BEGIN Provided data

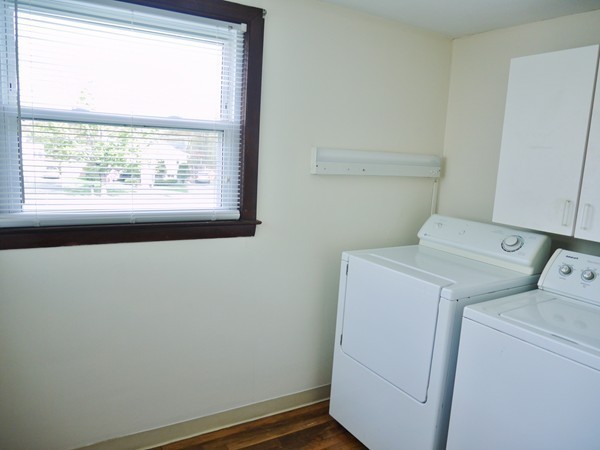 191 Hardy Pond Road Waltham, MA 02451 - Photo 12 of 16 a utility room with dryer and washer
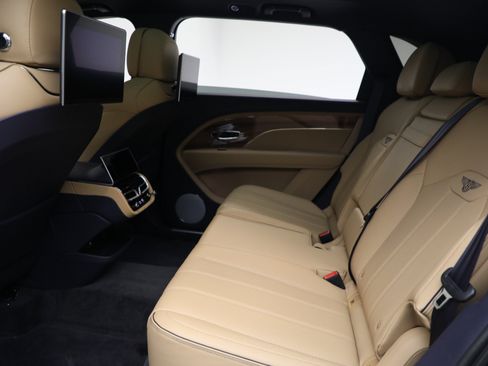 Certified 2024 Bentley Bentayga Extended Wheelbase AWD/4WD image 22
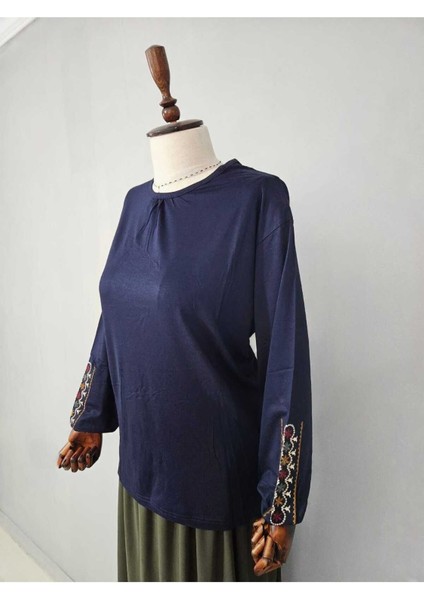 Kadın Likralı Orta Yaş ve Üzeri Dört Mevsim Anne Penye Bluz Yeni Sezon Kolu Işlemeli Lacivert - L modelleri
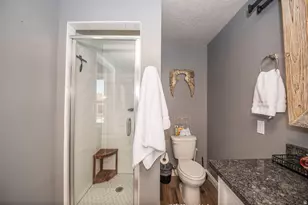 692 E 2400 N, North Ogden, UT 84414 - Photo 32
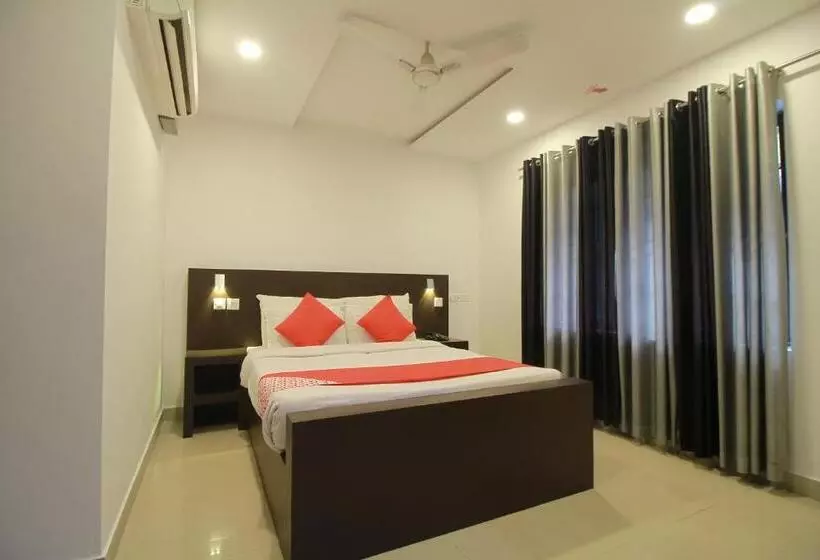 هتل Half Moon Residency Calicut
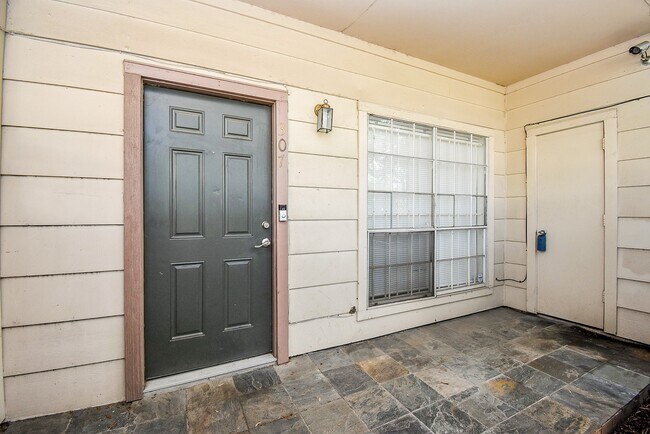 Foto del edificio - 2626 Holly Hall St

END Provided data

• [What is expected]:
Would you output the full listing exactly as it stands, minus the images?

• [Response for this exercise]:
 191 Hardy Pond Road Waltham, MA 02451 - Photo 12 of 16 a utility room with dryer and washer
 Certified 2024 Bentley Bentayga Extended Wheelbase AWD/4WD image 22
 Kadın Likralı Orta Yaş ve Üzeri Dört Mevsim Anne Penye Bluz Yeni Sezon Kolu Işlemeli Lacivert - L modelleri
 692 E 2400 N, North Ogden, UT 84414 - Photo 32
 هتل Half Moon Residency Calicut
 Foto del edificio - 2626 Holly Hall St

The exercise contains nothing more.